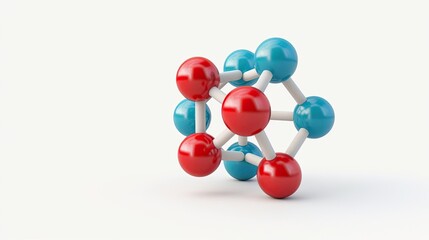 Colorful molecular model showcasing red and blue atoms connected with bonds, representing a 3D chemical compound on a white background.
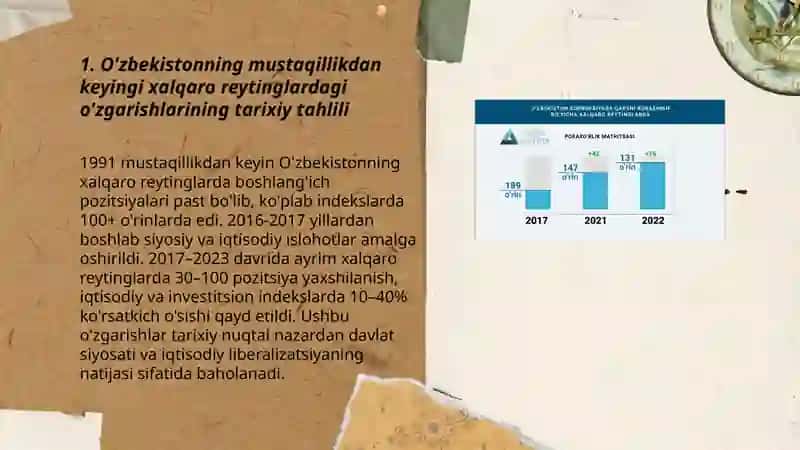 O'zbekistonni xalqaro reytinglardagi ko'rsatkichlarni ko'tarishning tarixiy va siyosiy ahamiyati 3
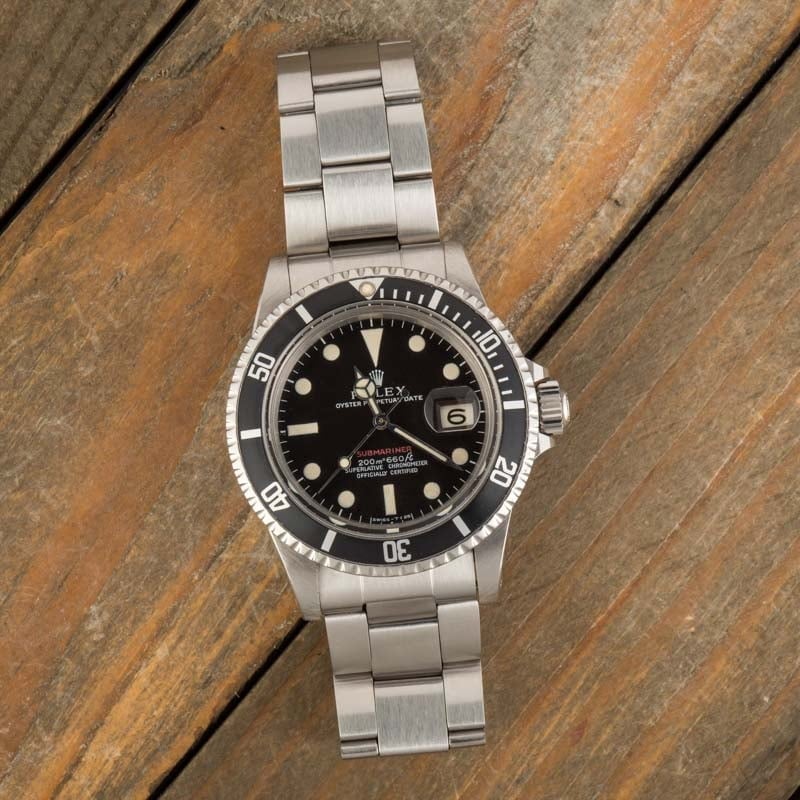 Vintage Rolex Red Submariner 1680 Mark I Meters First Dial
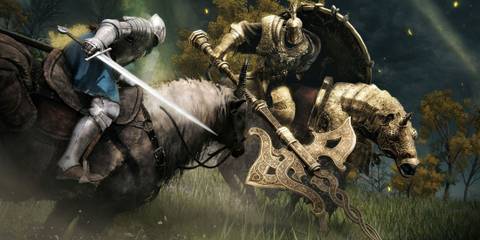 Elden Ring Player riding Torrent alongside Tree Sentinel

——

▶ Aim of the task: Begin the copy at the line containing "Vintage Rolex Red" and end it at the final line of the material above, reproducing each line exactly and omitting pictures.

▶ Response box:
 Vintage Rolex Red Submariner 1680 Mark I Meters First Dial
 Elden Ring Player riding Torrent alongside Tree Sentinel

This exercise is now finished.